What is being asked: Set down every line of the data exactly, skipping the pictures.
%%
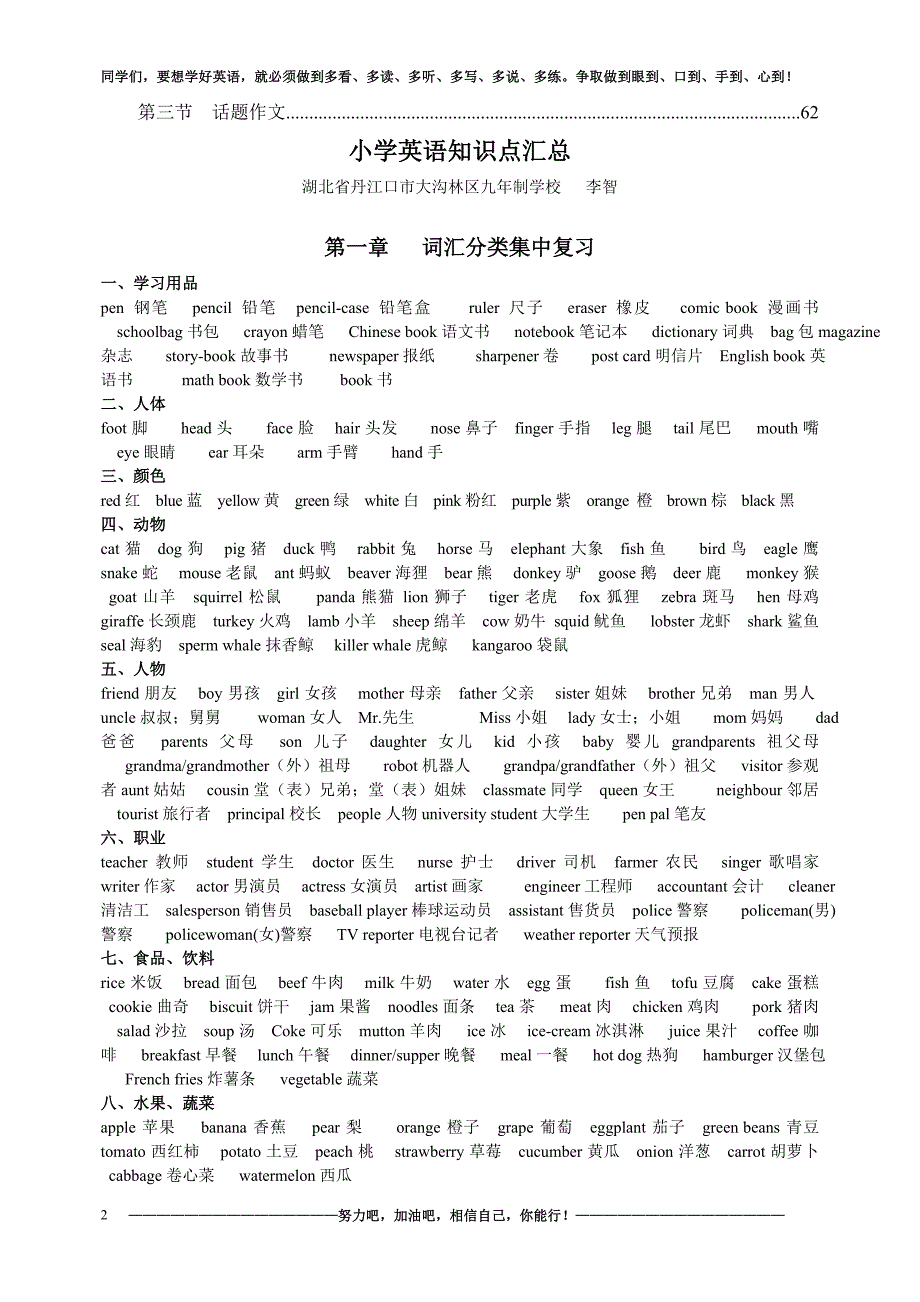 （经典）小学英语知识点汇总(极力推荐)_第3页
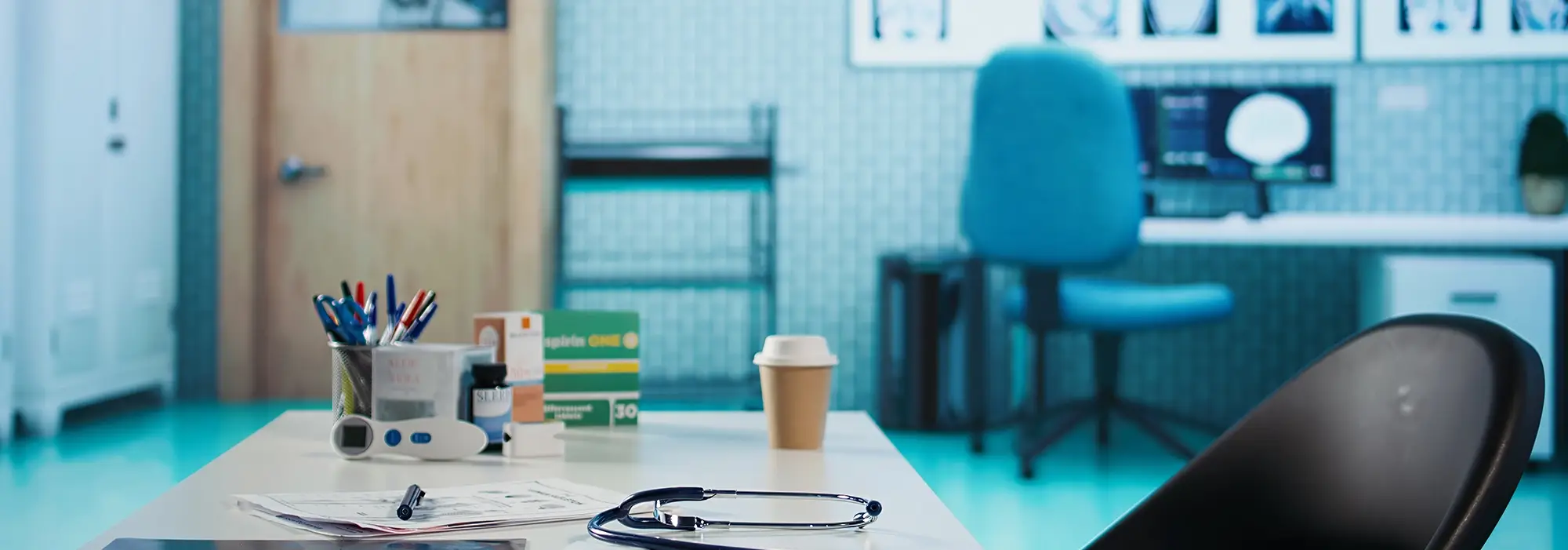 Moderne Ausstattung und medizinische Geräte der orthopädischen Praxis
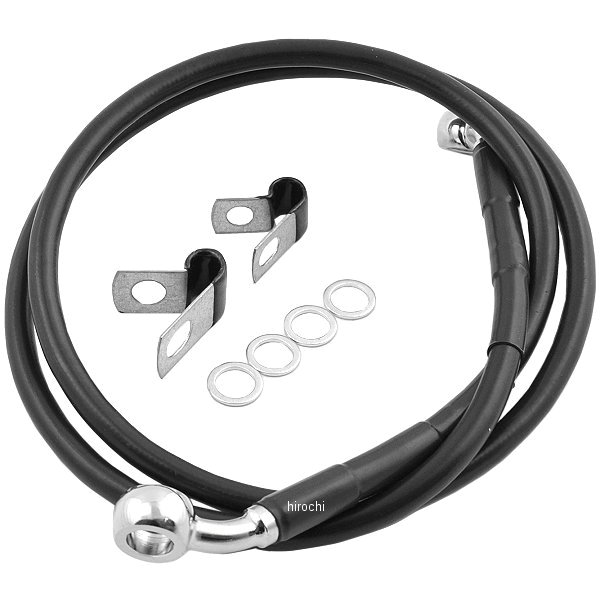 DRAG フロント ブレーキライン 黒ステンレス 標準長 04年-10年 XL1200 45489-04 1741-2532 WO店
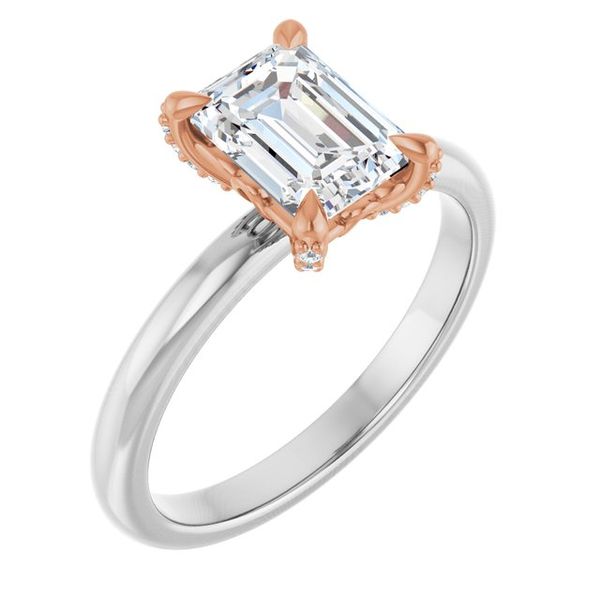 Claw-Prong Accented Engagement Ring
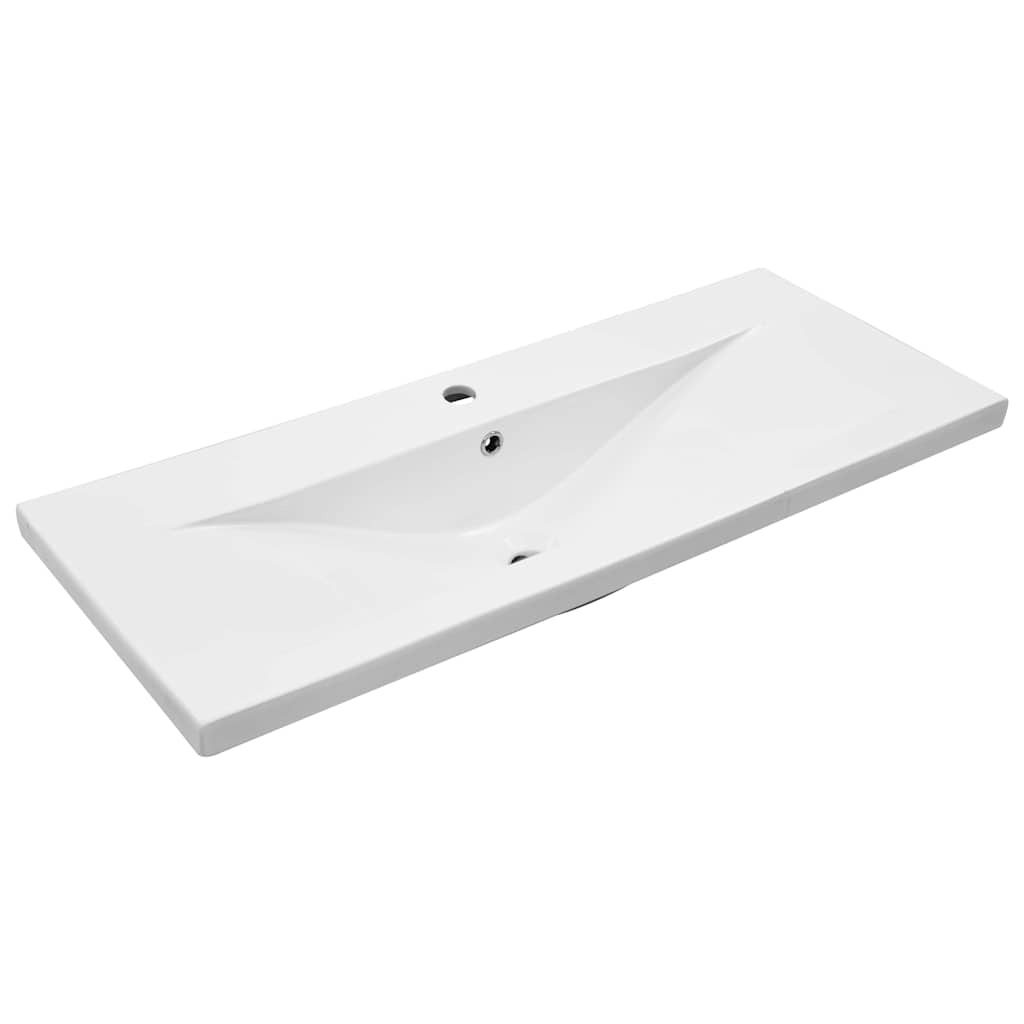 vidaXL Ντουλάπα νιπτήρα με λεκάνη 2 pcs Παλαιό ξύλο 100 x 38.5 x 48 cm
%%
Response to the task:
 （经典）小学英语知识点汇总(极力推荐)_第3页
 Moderne Ausstattung und medizinische Geräte der orthopädischen Praxis
 DRAG フロント ブレーキライン 黒ステンレス 標準長 04年-10年 XL1200 45489-04 1741-2532 WO店
 Claw-Prong Accented Engagement Ring
 vidaXL Ντουλάπα νιπτήρα με λεκάνη 2 pcs Παλαιό ξύλο 100 x 38.5 x 48 cm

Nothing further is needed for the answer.